Threats, Apprehension and Hope as India's financial capital Slum Dwellers Confront Redevelopment
Over an extended period, intimidating phone calls persisted. Originally, supposedly from a former police officer and a former defense officer, and then from the authorities. Finally, a local artisan claims he was called to the police station and told clearly: remain silent or experience severe repercussions.
This third-generation resident is one of many resisting a multimillion-dollar redevelopment plan where this historic settlement – an iconic Mumbai neighborhood – will be bulldozed and transformed by a multinational conglomerate.
"The distinctive community of this area is unparalleled in the globe," states the protester. "Yet the plan aims to eradicate our way of life and prevent our protests."
Contrasting Realities
The cramped lanes of this community sit in stark contrast to the high-rise structures and Bollywood penthouses that dominate the settlement. Residences are built haphazardly and often lacking adequate facilities, informal businesses release harmful emissions and the environment is permeated by the overpowering odor of open sewers.
Among some individuals, the prospect of Dharavi transformed into a developed area of luxury high-rises, neat parks, modern retail complexes and homes with proper sanitation is a hopeful vision realized.
"There's no adequate medical facilities, paved pathways or sewage systems and we have no places for kids to enjoy," explains a chai seller, in his fifties, who moved from his home state in 1982. "The only way is to demolish everything and construct proper housing."
Community Resistance
However, some, like the leather artisan, are fighting against the plan.
Everyone acknowledges that the slum, long neglected as an illegal encroachment, is desperately requiring financial support and improvement. Yet they worry that this initiative – absent of public consultation – could potentially transform premium city property into a luxury development, forcing out the marginalized, working-class residents who have resided there since generations ago.

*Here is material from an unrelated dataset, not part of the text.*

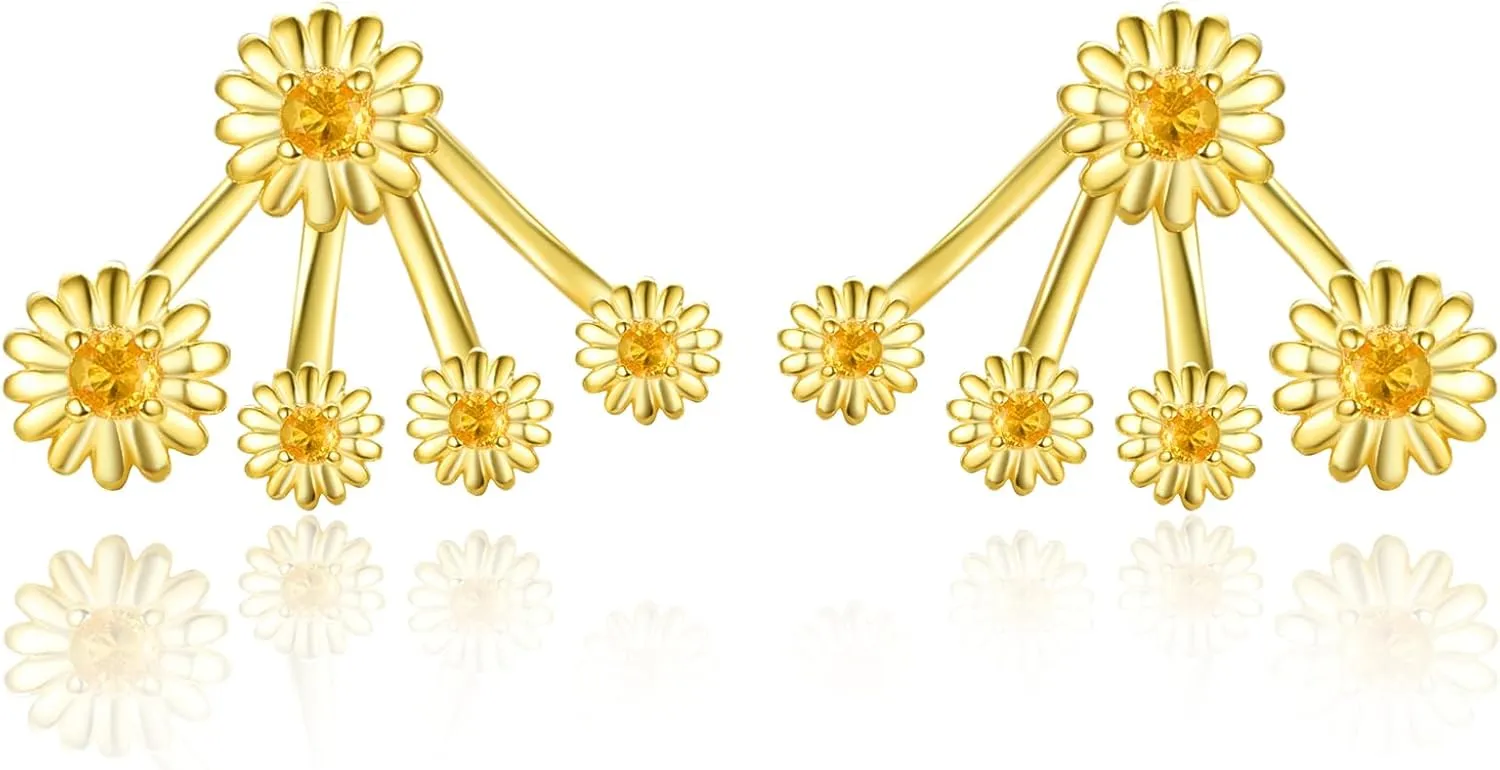Dreamboat Sunflower Jacket Earrings for Women Sterling Silver Gold Plated Sunflower Climber Stud Ear Crawlers Earring Flower Cluster Post Studs Delicate Wedding Birthday Jewelry Gifts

These were these excluded, migrant workers who built up the uninhabited area into a frequently examined example of self-reliance and economic productivity, whose economic value is worth between one million dollars and a substantial sum a year, making it among the globe's biggest informal economies.
Resettlement Issues
Of the roughly one million people living in the packed sprawling area, a minority will be qualified for alternative accommodation in the project, which is projected to take seven years to complete. The remainder will be transferred to barren areas and saline fields on the remote edges of the metropolis, threatening to fragment a historic social network. Some will receive no residences at all.

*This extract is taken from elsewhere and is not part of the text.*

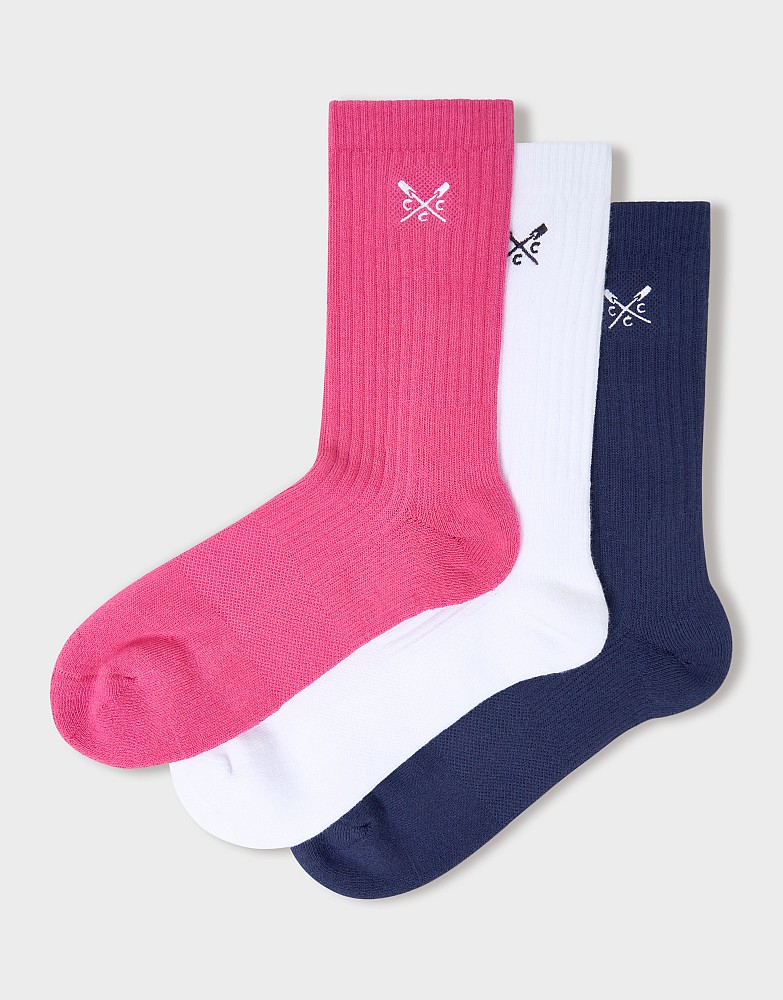 3 Pack Logo Sports Socks in White, Navy and Raspberry Pink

Residents permitted to stay in the area will be allocated apartments in multi-story structures, a significant rupture from the organic, communal way of dwelling and laboring that has maintained the community for many years.
Businesses from garment work to ceramic crafts and waste processing are expected to reduce in scale and be moved to a specific "business area" distant from residential areas.
Existential Threat
For those such as the leather artisan, a workshop owner and multi-generational inhabitant to reside in the slum, the redevelopment presents a fundamental risk. His rickety, multi-level facility makes leather coats – tailored coats, premium outerwear, studded bomber jackets – sold in premium stores in upscale neighborhoods and internationally.

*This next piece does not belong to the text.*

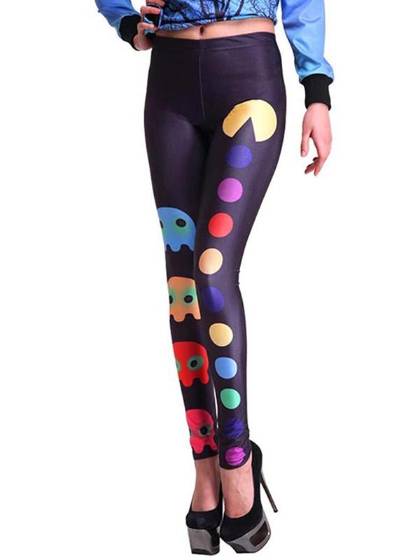 Fashion Digital Print Pac-Man Celeb Inspired Women Tights Pants Leggings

Household members dwells in the accommodations underneath and his workers and tailors – workers from different regions – also sleep there, permitting him to afford their labour. Outside Dharavi's enclave, accommodation prices are frequently tenfold as high for minimal space.
Pressure and Coercion
In the government offices nearby, an illustrated mock-up of the redevelopment plan shows a contrasting outlook. Well-groomed residents move around on bicycles and eco-friendly transport, buying international baguettes and breakfast items and having coffee on a terrace outside a coffee shop and treat station. It is a stark contrast from the affordable idli sambar breakfast and low-cost tea that maintains local residents.
"This isn't improvement for us," says the protester. "This constitutes a huge real estate deal that will price people out for us to survive."
Additionally, there exists concern of the development company. Managed by an influential industrialist – a leading figure and a supporter of the national leader – the corporation has faced accusations of favoritism and financial impropriety, which it disputes.
Even as the state government labels it a joint project, the business group contributed a significant amount for its controlling interest. Legal proceedings stating that the project was unfairly awarded to the developer is under review in India's supreme court.
Ongoing Pressure
After they started to publicly resist the project, Shaikh and other residents assert they have been experienced a long-running campaign of coercion and warning – including communications, explicit warnings and implications that criticizing the development was tantamount to anti-national sentiment – by people they assert are associated with the corporate group.